Standard & Poor’s Ratings Services has affirmed its “BB+” long-term counterparty credit and senior unsecured debt ratings on Dundee Bancorp Inc., the parent company of Dundee Wealth Management Inc. It has revised the outlook to stable from negative.

S&P says the revision reflects the improvements seen in the operating earnings of Dundee’s wealth management division, the positive results that are being shown on the corporate portfolio, and the continued success with the integration of Canadian First Financial Group Inc. and StrategicNova Inc., which were acquired in 2002.

The outlook revision also reflects the success of Dundee Realty Corp.’s conversion to a REIT, which creates a steady stream of cash flow.

As well, the improving conditions of the global equity markets continue to provide an updraft to Dundee’s merchant banking and wealth management businesses.

S&P says the ratings on Dundee reflect the quality of the company’s equity base, the quality of its merchant banking portfolio; and the position of its wealth management franchise in the Canadian market.

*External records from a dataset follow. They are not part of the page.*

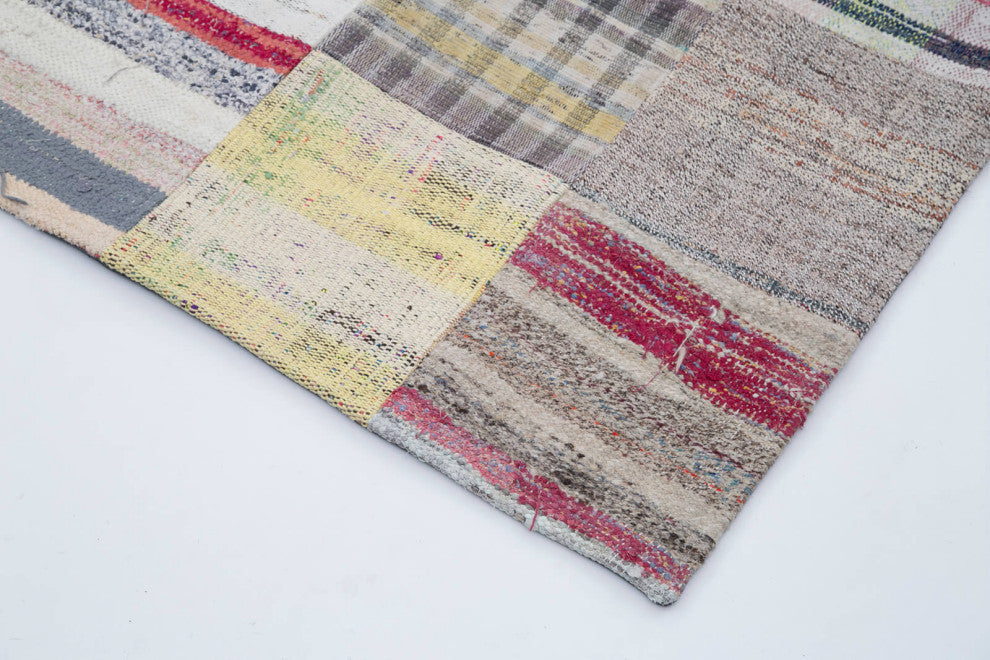 Rug N Carpet - Handmade Turkish 6' 7'' x 9' 10'' Unique Patchwork Kilim Rug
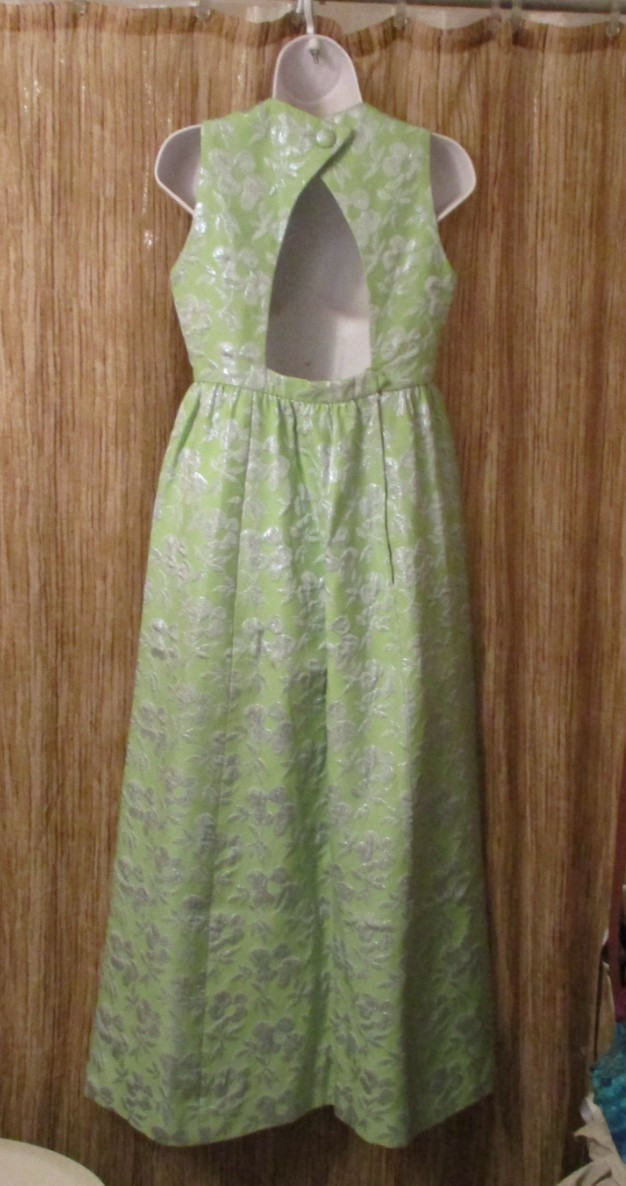 Lime Green & Silver metallic Brocade GOWN DRESS custom S M vintage 1960s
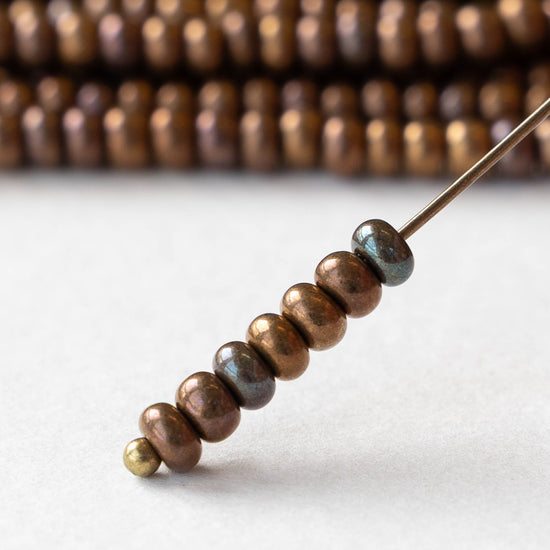 6/0 Glass Seed Beads - Opaque Copper Metallic - 20 inch strands - 1 or 3 strands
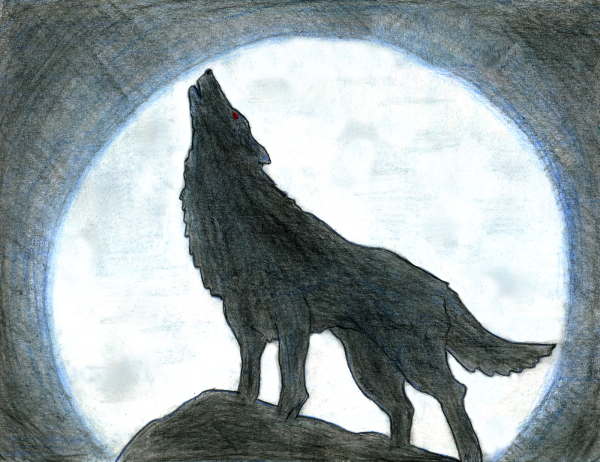 Волк с луной рисунок для срисовки
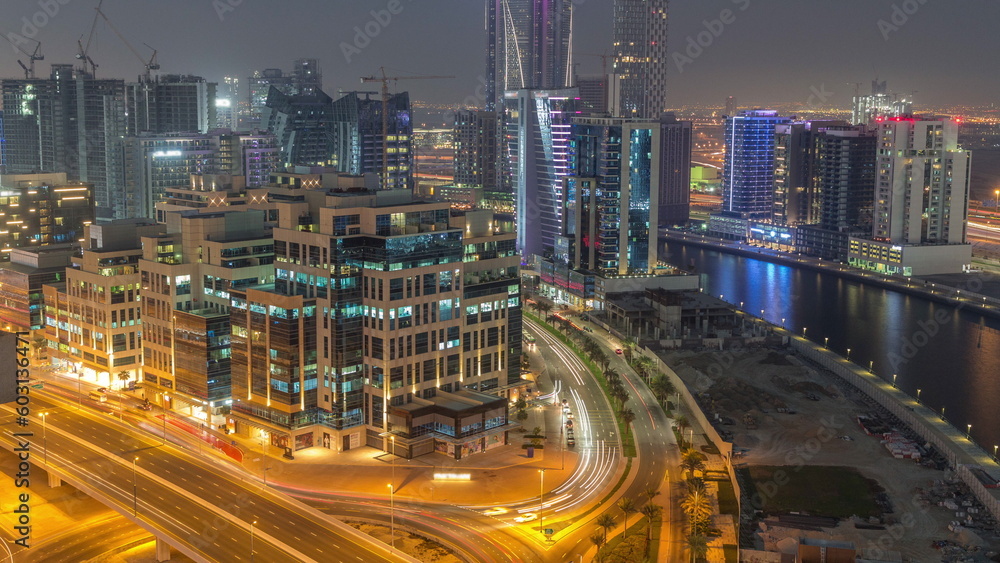 Bay Square district day to night timelapse with mixed use and low rise complex office buildings located in Business Bay in Dubai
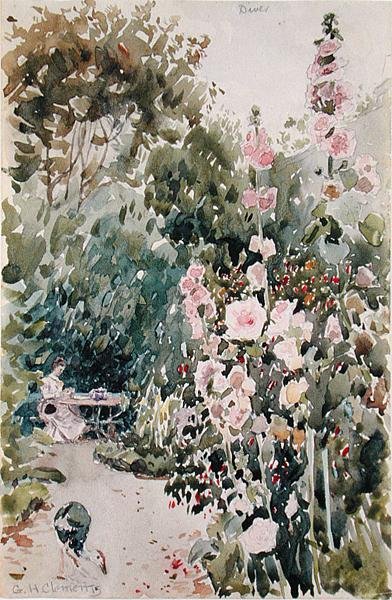Thee in de stokroos tuin, Dives, c.1890 door George Henry Clements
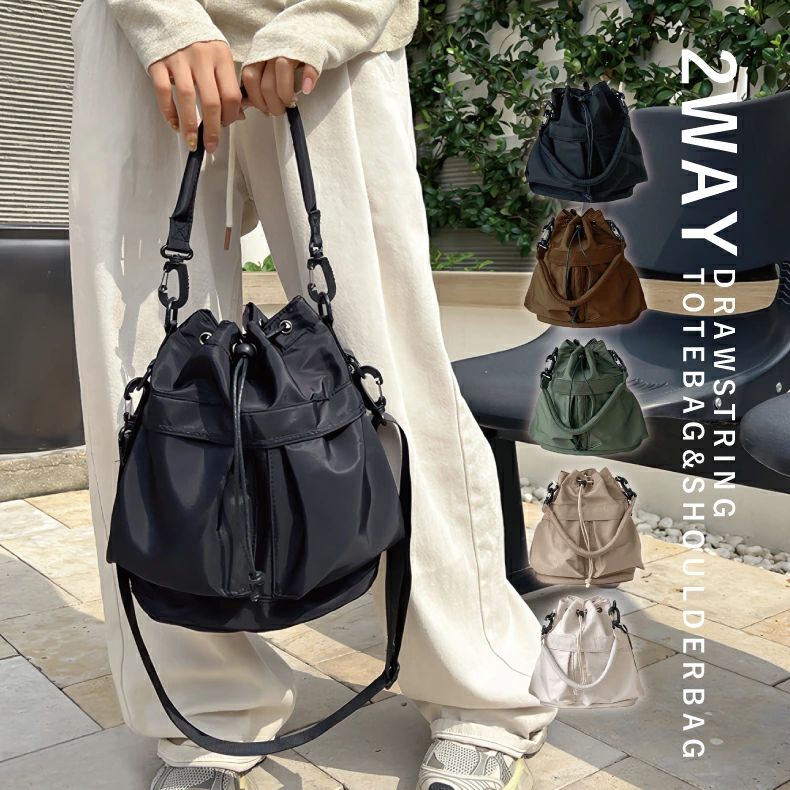 乐天商城 - ショルダーバッグ レディース 巾着バッグ ショルダー ドロストバッグ ショルダーバッグ 2way ショルダー ドローストリング バッグ ワン
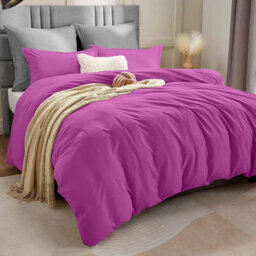 Ameha Plain 3-Piece Duvet Purple Quilt Cover Breathable Microfiber Reversible Single Set With Pillowcase 135 X 200 Cm - thumbnail 9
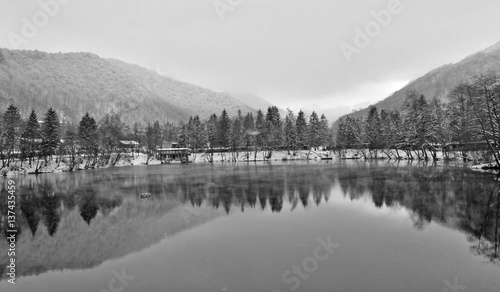 Mountain Lake in black and white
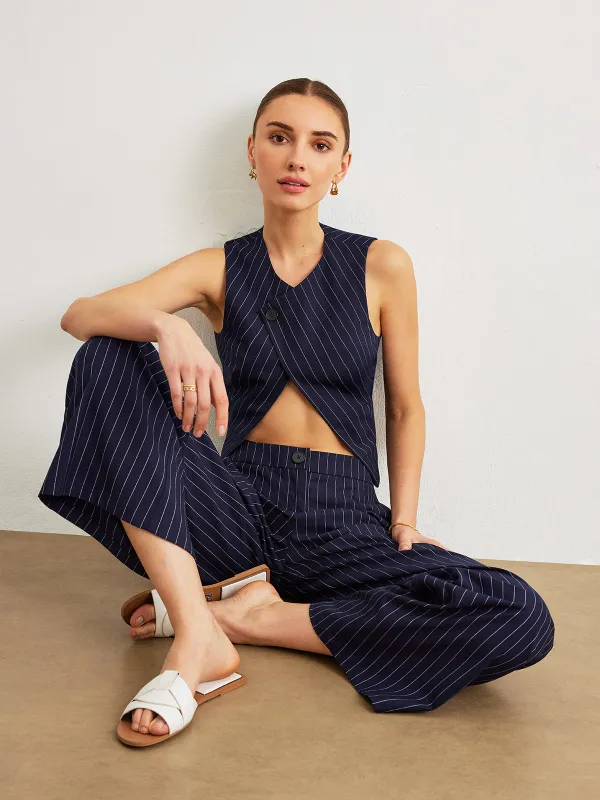 Pinstripe Pants Set With Pockets sold by COMMENSE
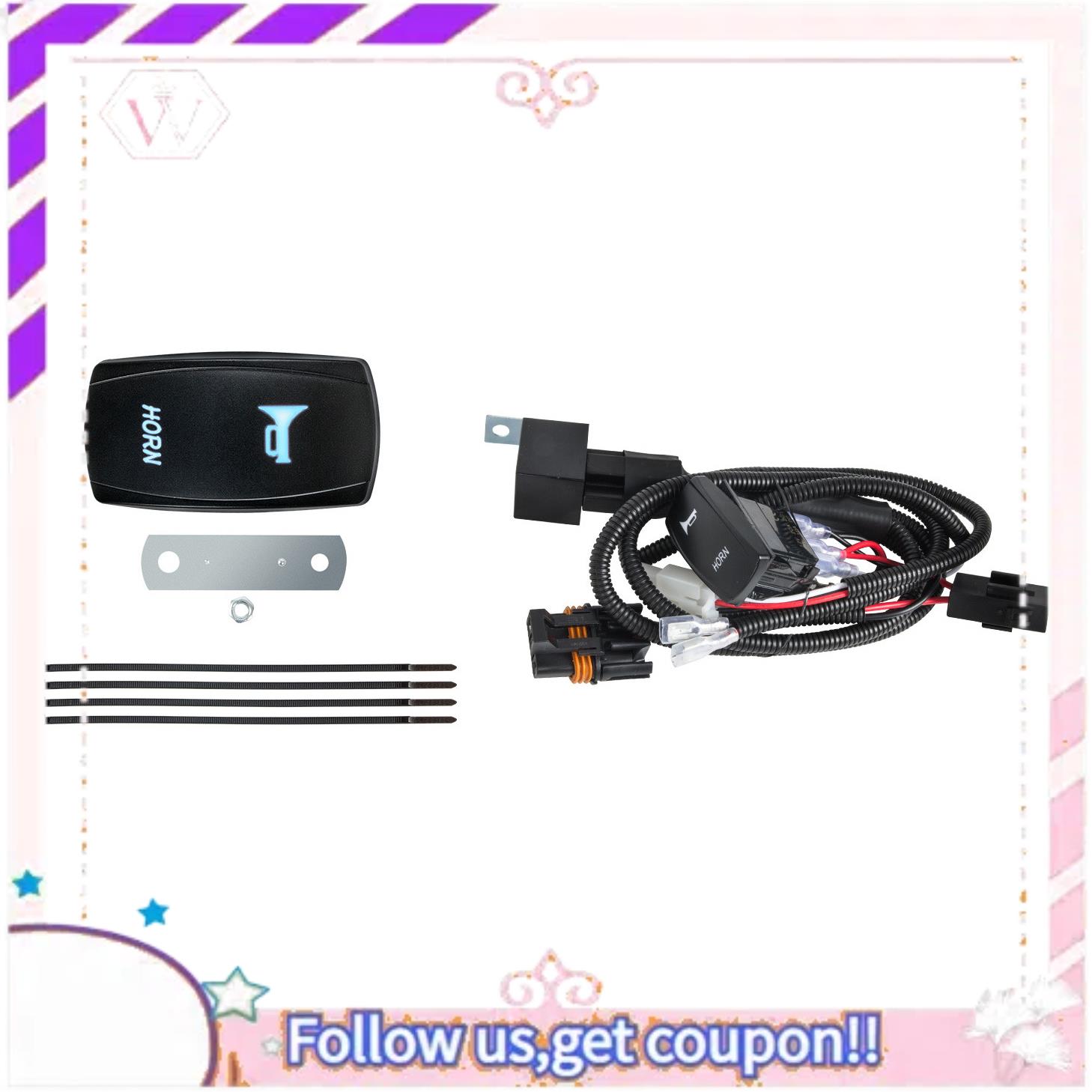 

A76T-UTV ATV Universal 12V Horn Kit W/ Rocker Switch For Polaris RZR 800 XP Ranger Can-Am Maverick X3 Arctic Cat For CF Moto Blackred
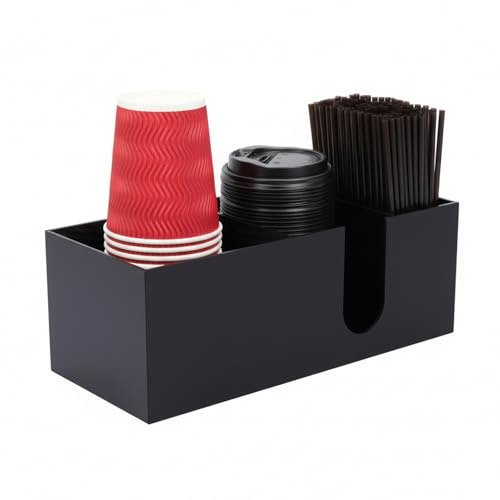 Punorric 3-Compartment Coffee Station Organizer - Acrylic Coffee Cup Holder & Bar Caddy, Black Coffee Bar Accessories Counter Top Storage for Cups/Capsules/Lids/Straws/Home/Office/Café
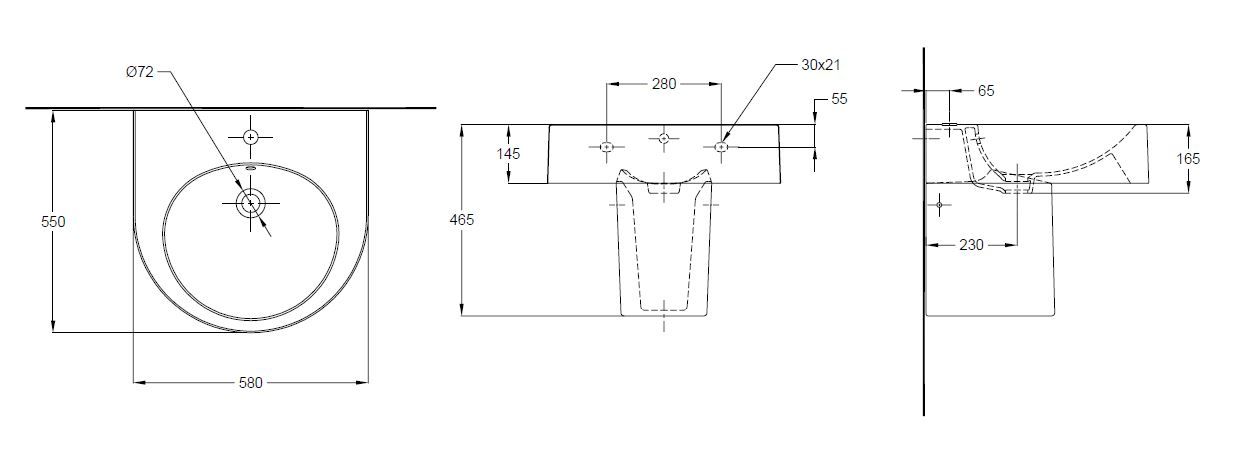 ⁦حوض مغسلة مع القاعدة - موديل ي⁩ - الصورة ⁦3⁩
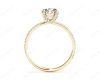 Round Cut Cross Over ring claw set diamond with pave set side stone in 18K Yellow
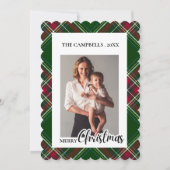 Personalize Colorful Modern Plaid Photo Christmas  招待状 (正面)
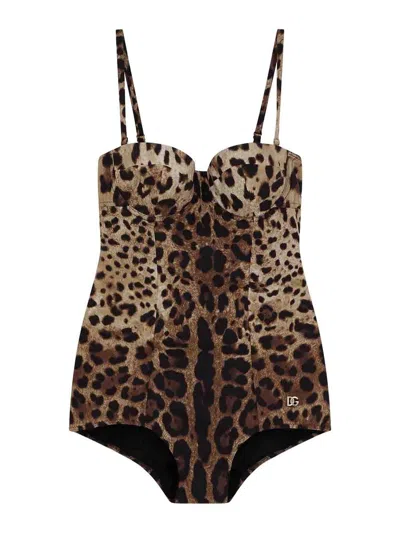 DOLCE & GABBANA ONE-PIECE WITH ANIMALIER MOTIF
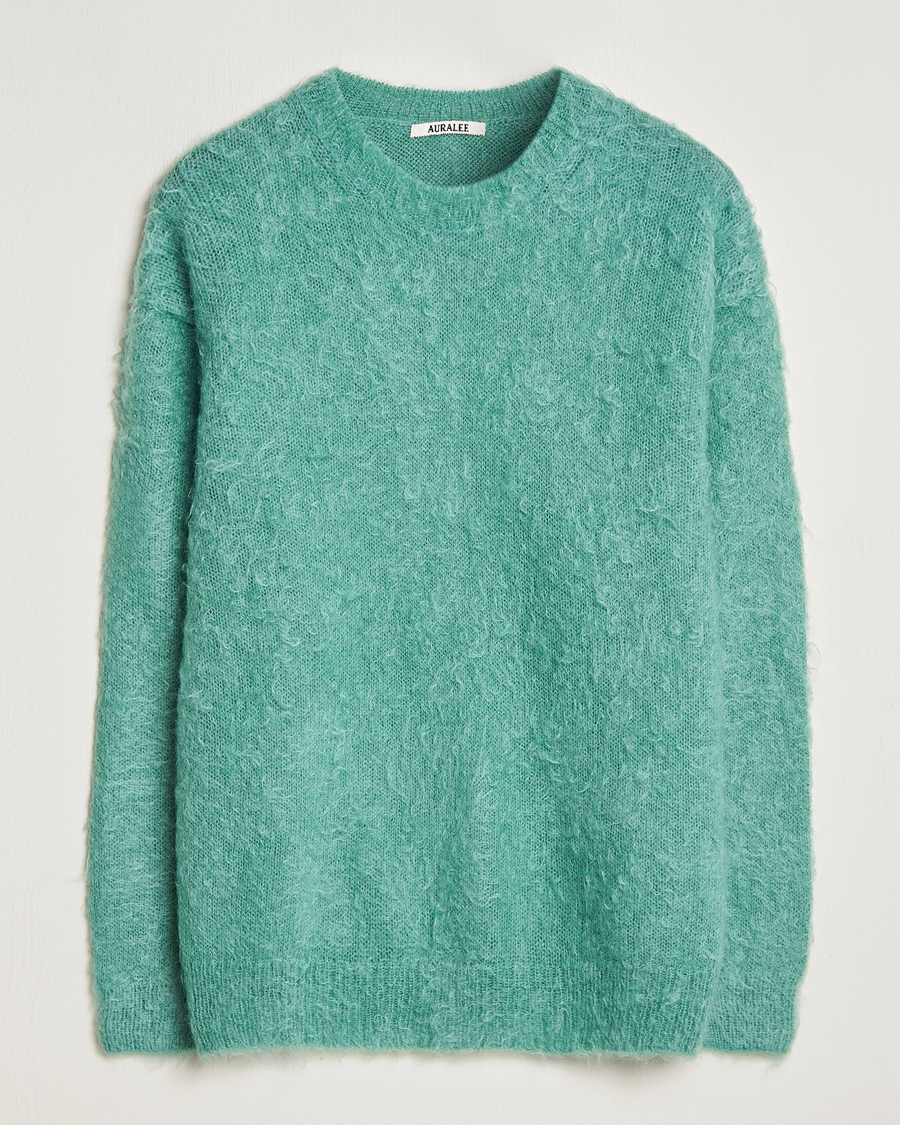 Herre | Gensere | Auralee | Brushed Mohair Pullover Jade Green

It adds that the credit risks facing Dundee include its exposure to the equity markets through its real estate, merchant banking, and wealth management businesses, the high industry and single-name concentrations in corporate portfolio, the small (2%) market share held and lack of scale within the Canadian mutual fund sector, and the increasing level of competition in the wealth management sector, which continues to place pressure on asset growth and margins.